(Provided entries)

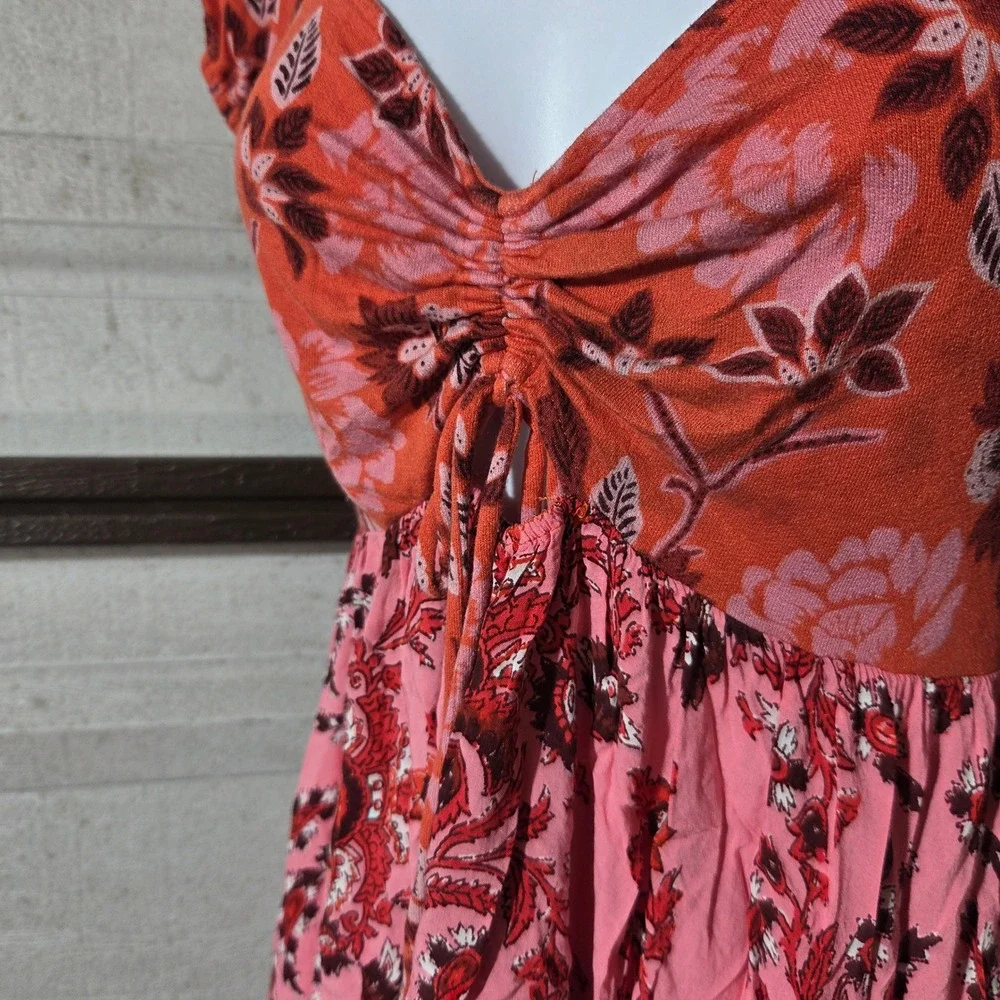 Free People Floral Babydoll Top Pink Orange Y2K Fairycore Handkerchief Hem Small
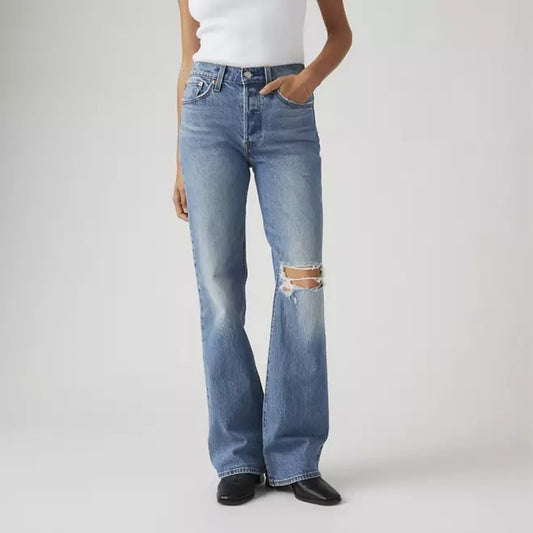 Levi's Premium High Rise Medium Wash Distressed Wedgie Bootcut Jeans 25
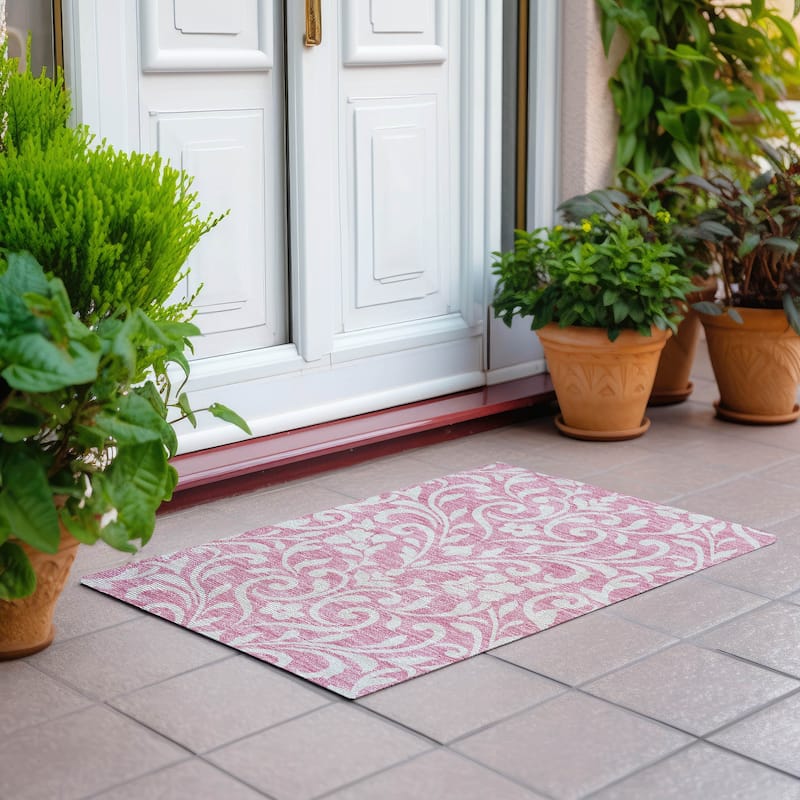 Machine Washable Indoor/ Outdoor Chantille Traditional Elegant Rug - Pink - 1'8" x 2'6"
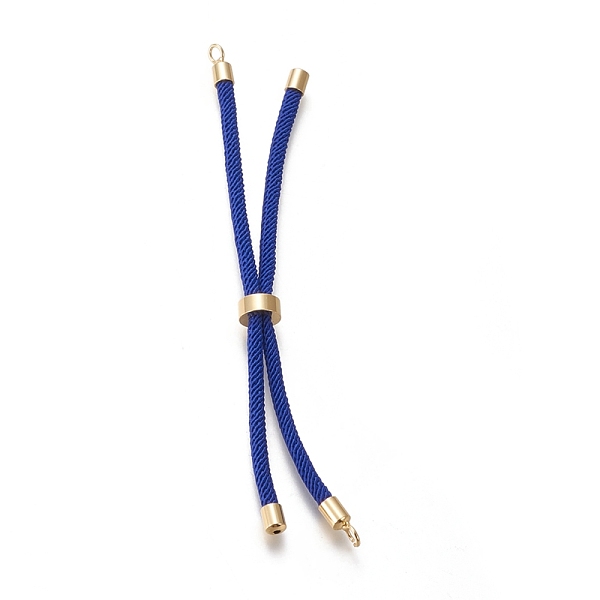 Nylon Twisted Cord Bracelet Making, Slider Bracelet Making, with Eco-Friendly Brass Findings, Round, Golden, Medium Blue, 8.66-9.06 inch(22-23cm), Hole: 2.8mm, Single Chain Length: about 4.33-4.53 inch(11-11.5cm)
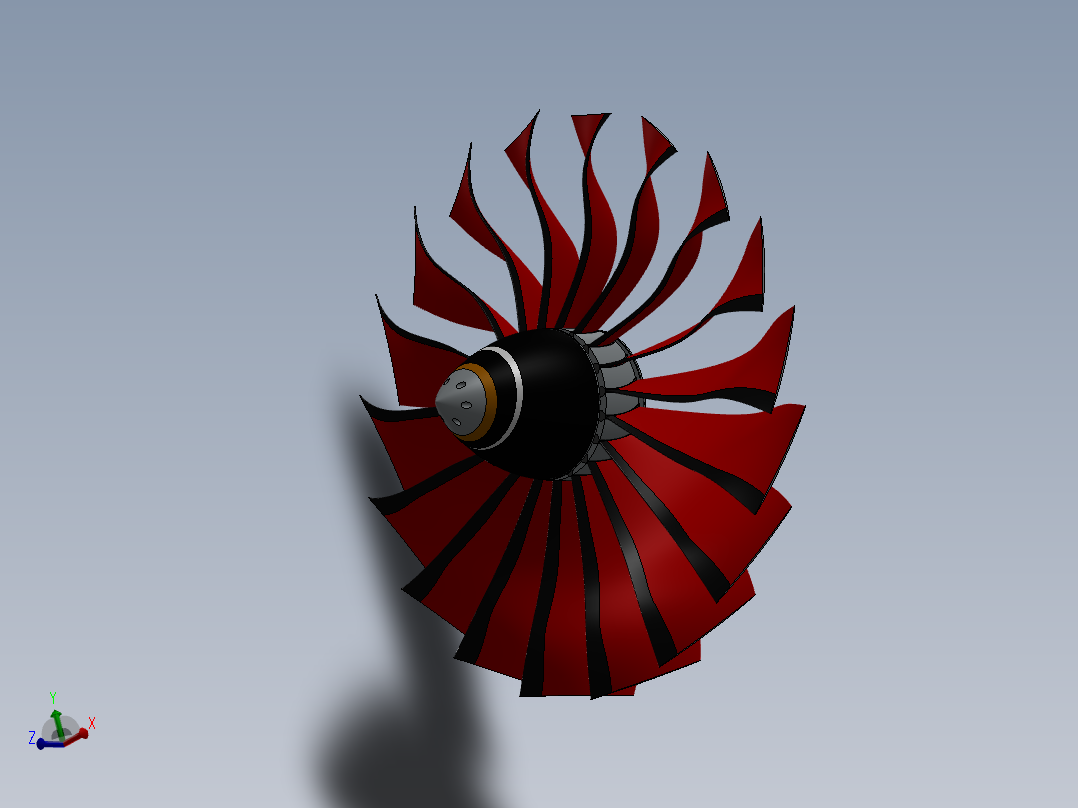 喷气发动机涡轮风扇268---模型格式为 sw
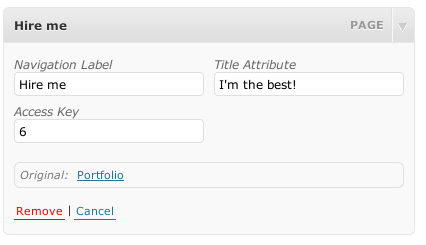 WordPress Nav Menu Access Keys
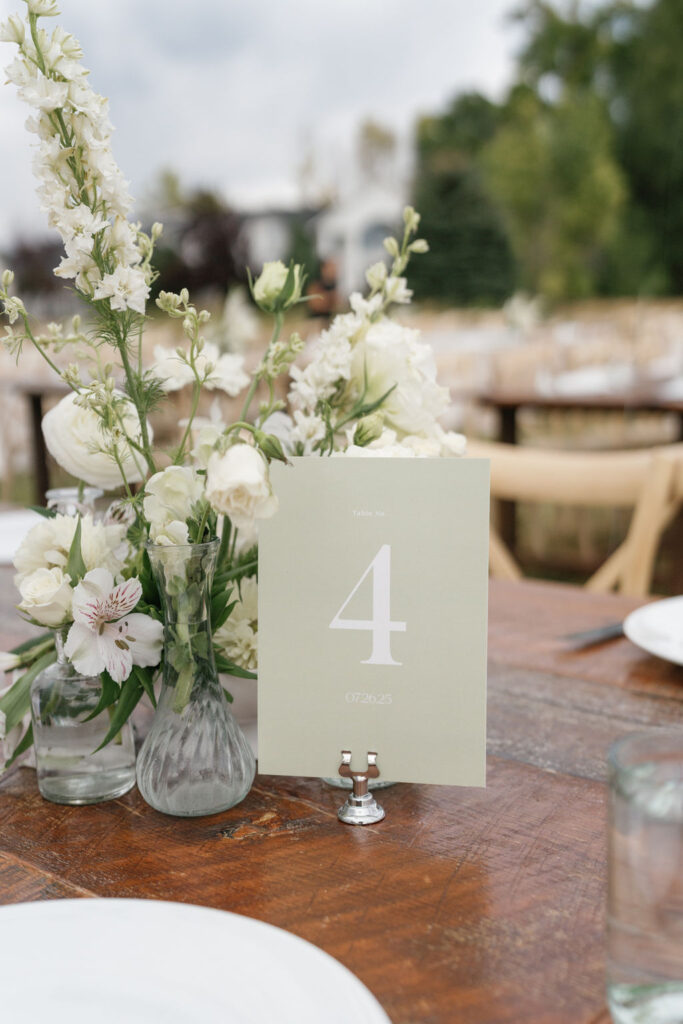 Foster Creek Farm Wedding reception details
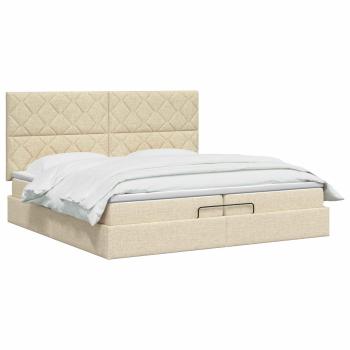 Ottoman Bett mit Matratze mit Kopfteil Creme 200 x 200 cm Stoff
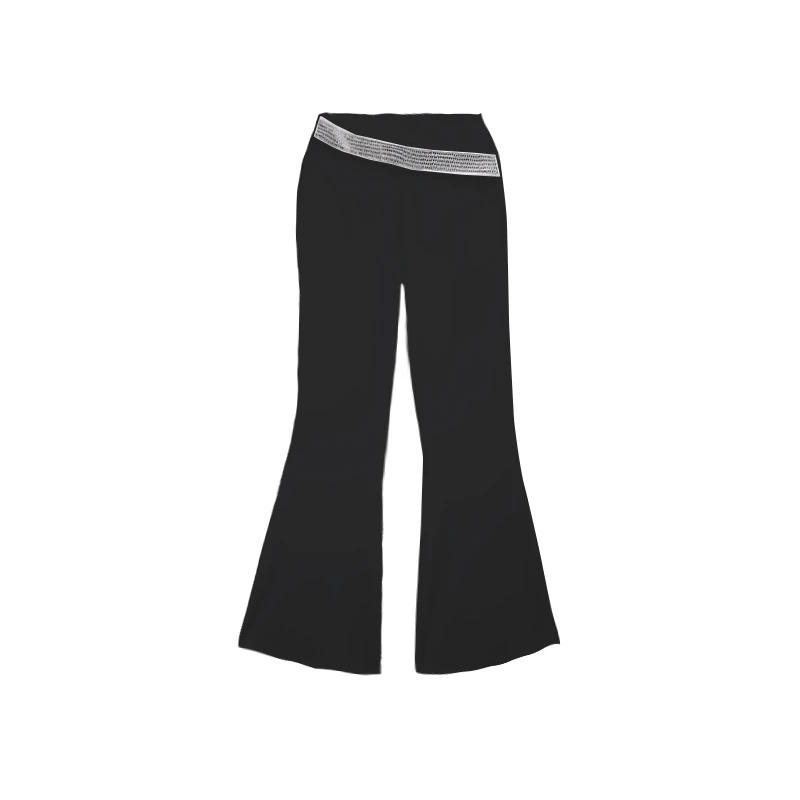 【bobo专属】 7728：女春夏设计感斜边烫钻高腰百搭时尚垂感喇叭裤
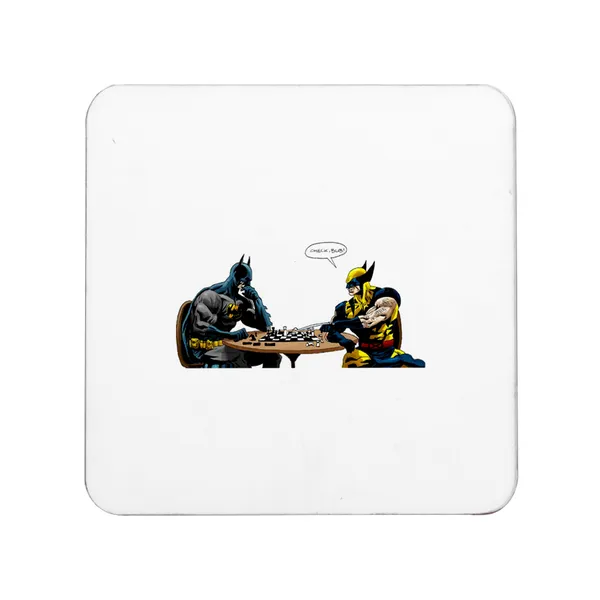 Multicolor_Batman_Vs_Wolverine_In_Chess_Set_Of_2_Square_Wooden_Coaster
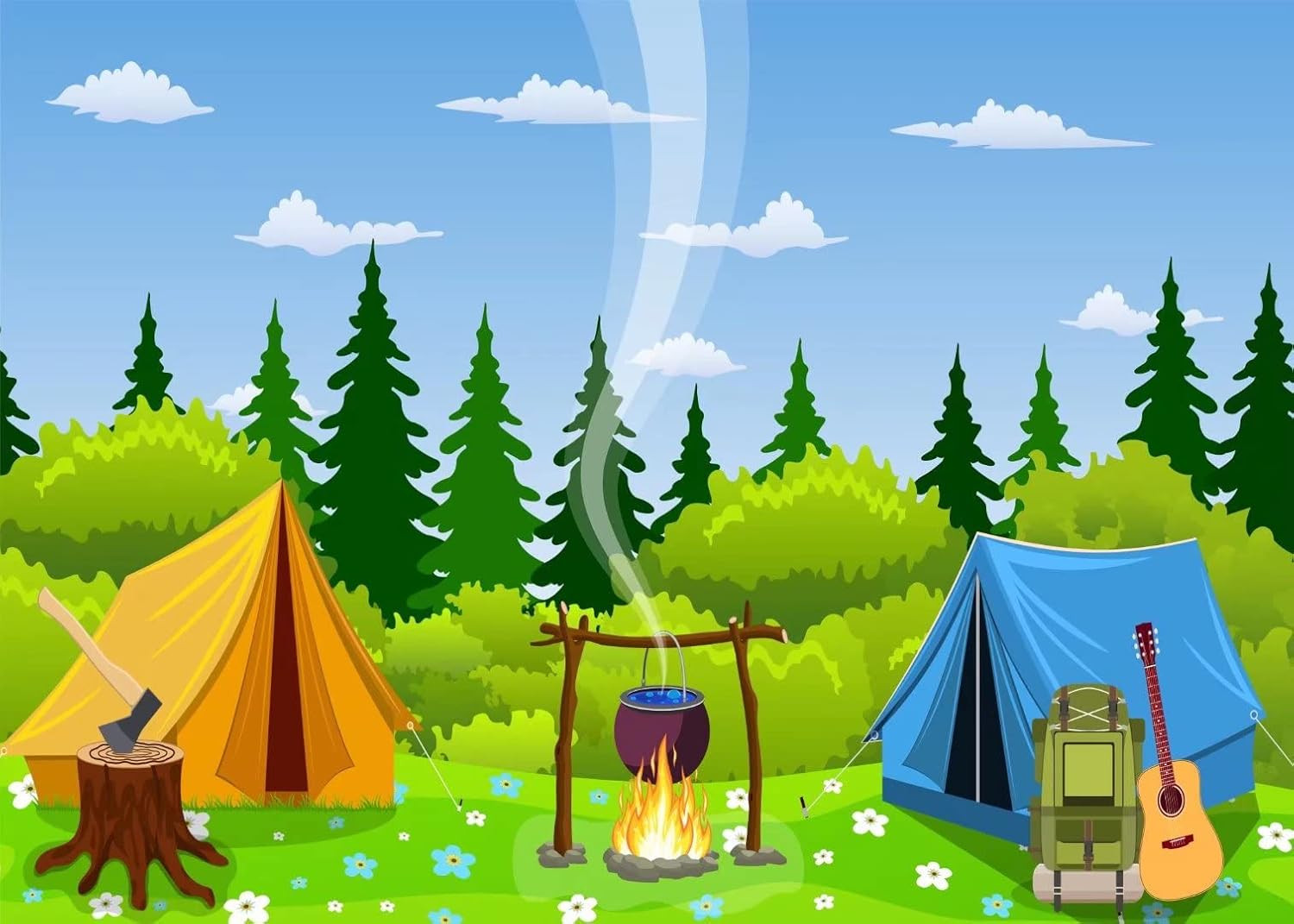 Cartoon Forest Camping Backdrop 20x10ft for Kids Birthday & Baby Shower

(End Provided entries)

▶ _Exercise aim_:
All records above are to be printed exactly, minus the pictures they contain.

▶ _Solution to this task_:
 Free People Floral Babydoll Top Pink Orange Y2K Fairycore Handkerchief Hem Small
 Levi's Premium High Rise Medium Wash Distressed Wedgie Bootcut Jeans 25
 Machine Washable Indoor/ Outdoor Chantille Traditional Elegant Rug - Pink - 1'8" x 2'6"
 Nylon Twisted Cord Bracelet Making, Slider Bracelet Making, with Eco-Friendly Brass Findings, Round, Golden, Medium Blue, 8.66-9.06 inch(22-23cm), Hole: 2.8mm, Single Chain Length: about 4.33-4.53 inch(11-11.5cm)
 喷气发动机涡轮风扇268---模型格式为 sw
 WordPress Nav Menu Access Keys
 Foster Creek Farm Wedding reception details
 Ottoman Bett mit Matratze mit Kopfteil Creme 200 x 200 cm Stoff
 【bobo专属】 7728：女春夏设计感斜边烫钻高腰百搭时尚垂感喇叭裤
 Multicolor_Batman_Vs_Wolverine_In_Chess_Set_Of_2_Square_Wooden_Coaster
 Cartoon Forest Camping Backdrop 20x10ft for Kids Birthday & Baby Shower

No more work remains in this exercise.